| Who's saying Canonical hasn't considered this? If this truly reflects the community attitude towards a new open source project than that is an awful thing. No one is saying it, but Wayland is just a display server, and worse, it's just a display server that's been developed on by just one guy in what is clearly his spare time. For years, and it's still not something we can readily use. If instead of Canonical this was just a random dude with a kickstarter project, promising that if he built this something new he would get NVidia and AMD in on it we'd all be cheering them on. We want a replacement for X. Wether it's Wayland or Mir, the community shouldn't care. If both of them grow up to be great display servers, then the projects can have their choice.

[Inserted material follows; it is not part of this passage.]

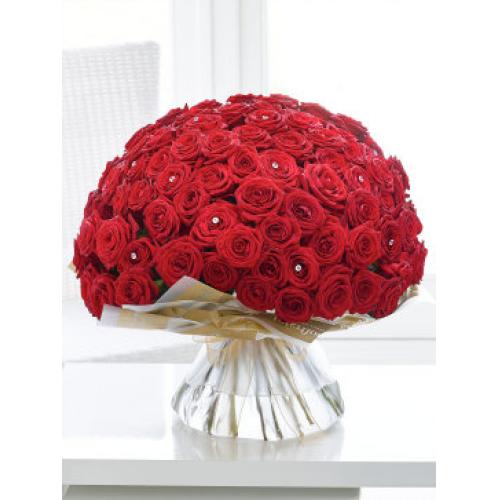 奥斯汀国际送花100枝红色玫瑰花束英国送花利物浦鲜花速递牛津鲜花店伯明翰订花利物浦英国全境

Why make that choice now, when Mir isn't anything yet, and Wayland looks like an infinite road to nowhere? So there you have it, a bad comment about Wayland. Why? Because I'm frustrated. X has been a pain in our collective asses for so many years, and the project that was going to change that receives almost no support. It's just this one guy going at it. No vendor support, no distro support. No one wants to touch it, so it takes 5 years to get to this point where it seems like it's almost ready for adoption, but still no one builds a desktop environment for it or any vendor interest. Then a company just goes for it, allocates significant resources to it, and even uses its connections and leverage to get vendors in on it, and makes sure there's going to be a desktop environment for it. And the whole community just goes 'boo!'? what is that about? What's the community got to lose? Why is it hurt? What has it invested in wayland? I'll say it. Nothing. Just some code some dude made that's possibly going to be obsolete if Canonical succeeds. And if not, then Canonical made some obsolete code, which is their business risk, not ours to judge over. If you ask me, the community should be positive. What have we got to gain? A possible X successor that's got multi-vendor support and a desktop environment that works. It's going to have a nice interface, takes up a lot of design clues from wayland and generally is going to kick ass if it works out. |
If we want big hardware players like nvidia and intel to take us seriously, we must behave in a professional manner, and one of the biggest players in the space creating an incompatible fork on such a fundamental piece of architecture five years after a similar project began making inroads, basically because "We don't have anyone smart enough to understand Wayland", is _not_ professional.
Maybe this would've been justified after Wayland support went mainstream, but all Canonical has accomplished by the release and announcement of Mir is the further entrenchment of X11 by accentuating what a horrendous wreck it is to attempt to remove it.